Exercise directions:
No images, please. Copy each entry below exactly as it reads.

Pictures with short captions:
┌──
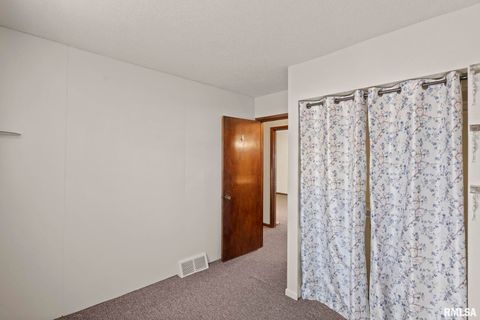 Tiny photo for 827 9TH Street, Colona, IL 61241 (MLS # QC4269641)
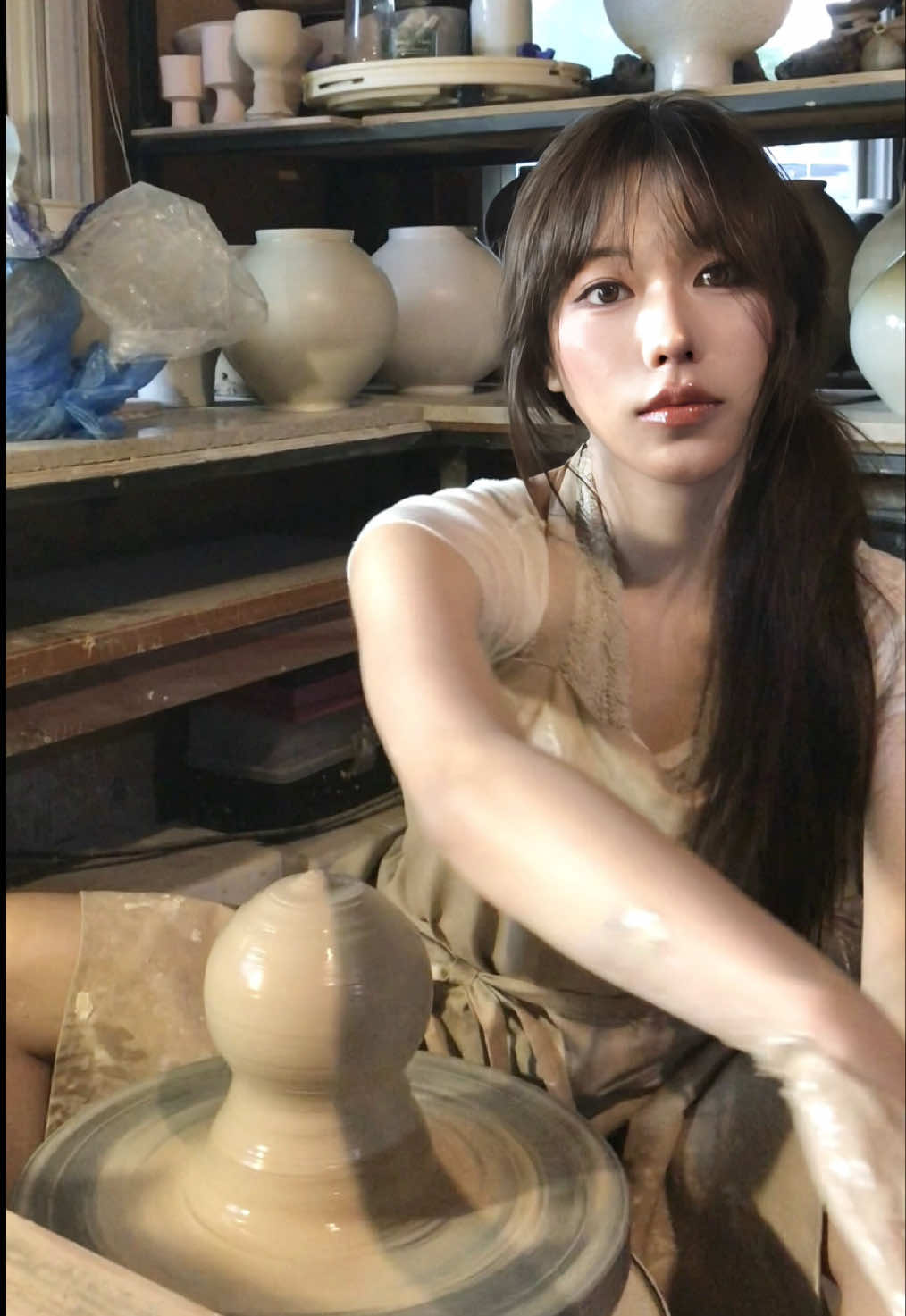 물레로 사과 빚기🍎 Making an apple on the pottery wheel #도예 #도예공방 #도자기 #pottery #ceramic 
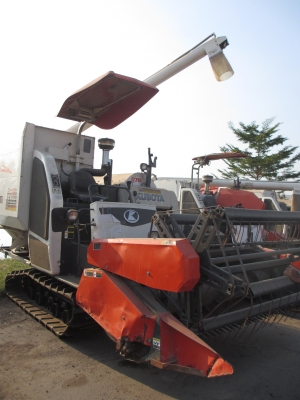 มาแล้ว รถเกี่ยวข้าว KUBOTA DC95 GM ชั่วโมงน้อย 795 HR เปลี่ยนช่วงล่างแล้ว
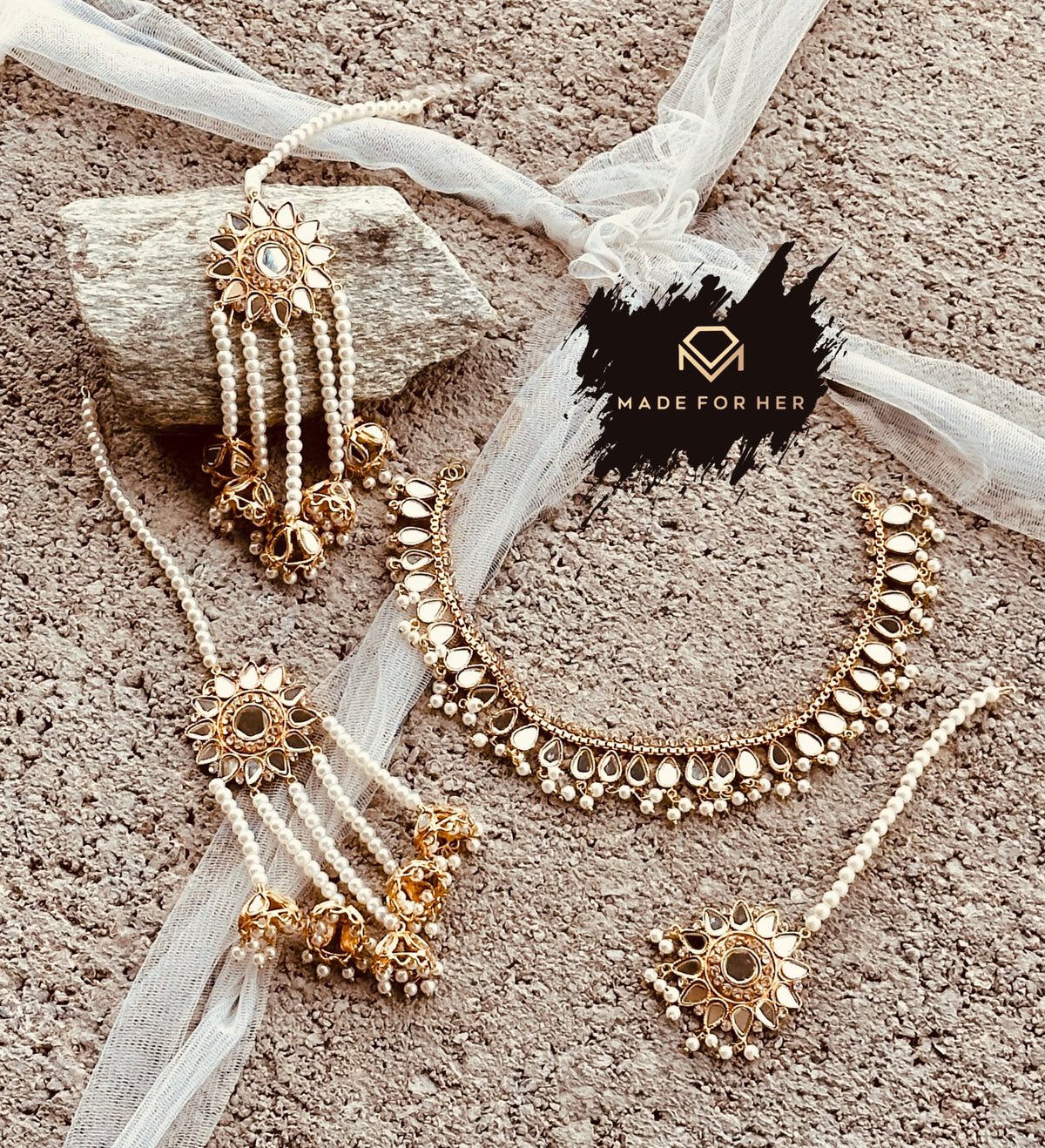 NoirÃ© Kundun Necklace Set - KAHD1009
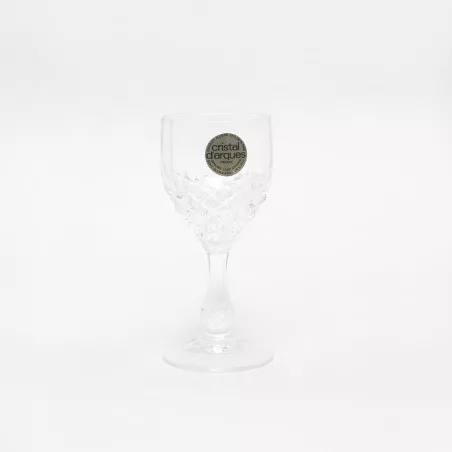 COPA CHENONCEAUX Nº 7 LICOR D\'ARQUE de cristal, diseño tallado en forma de diamante, acabado transparente y elegante.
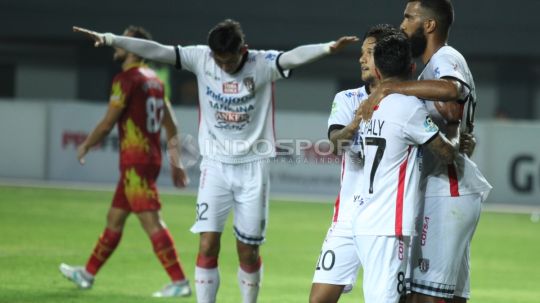 Selebrasi para pemain Bali United atas gol kedua yang dicetak Sylvano Domunique Comvalius lewat titik penalti. Copyright: © INDOSPORT/Herry Ibrahim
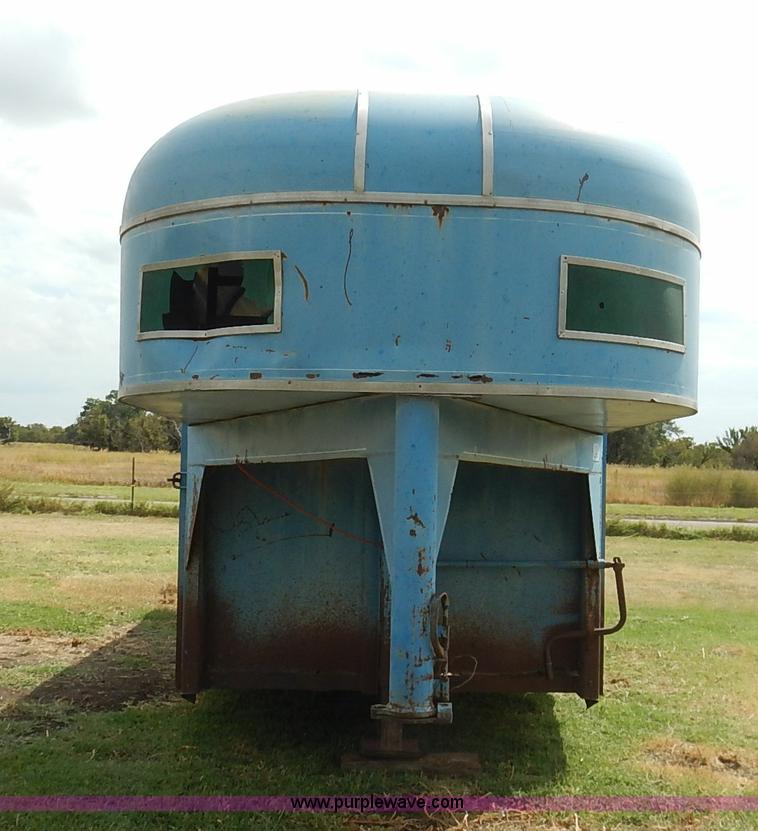 image for item K1615 1976 Shelby gooseneck livestock trailer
└──
Result for this exercise:
 Tiny photo for 827 9TH Street, Colona, IL 61241 (MLS # QC4269641)
 물레로 사과 빚기🍎 Making an apple on the pottery wheel #도예 #도예공방 #도자기 #pottery #ceramic 
 มาแล้ว รถเกี่ยวข้าว KUBOTA DC95 GM ชั่วโมงน้อย 795 HR เปลี่ยนช่วงล่างแล้ว
 NoirÃ© Kundun Necklace Set - KAHD1009
 COPA CHENONCEAUX Nº 7 LICOR D\'ARQUE de cristal, diseño tallado en forma de diamante, acabado transparente y elegante.
 Selebrasi para pemain Bali United atas gol kedua yang dicetak Sylvano Domunique Comvalius lewat titik penalti. Copyright: © INDOSPORT/Herry Ibrahim
 image for item K1615 1976 Shelby gooseneck livestock trailer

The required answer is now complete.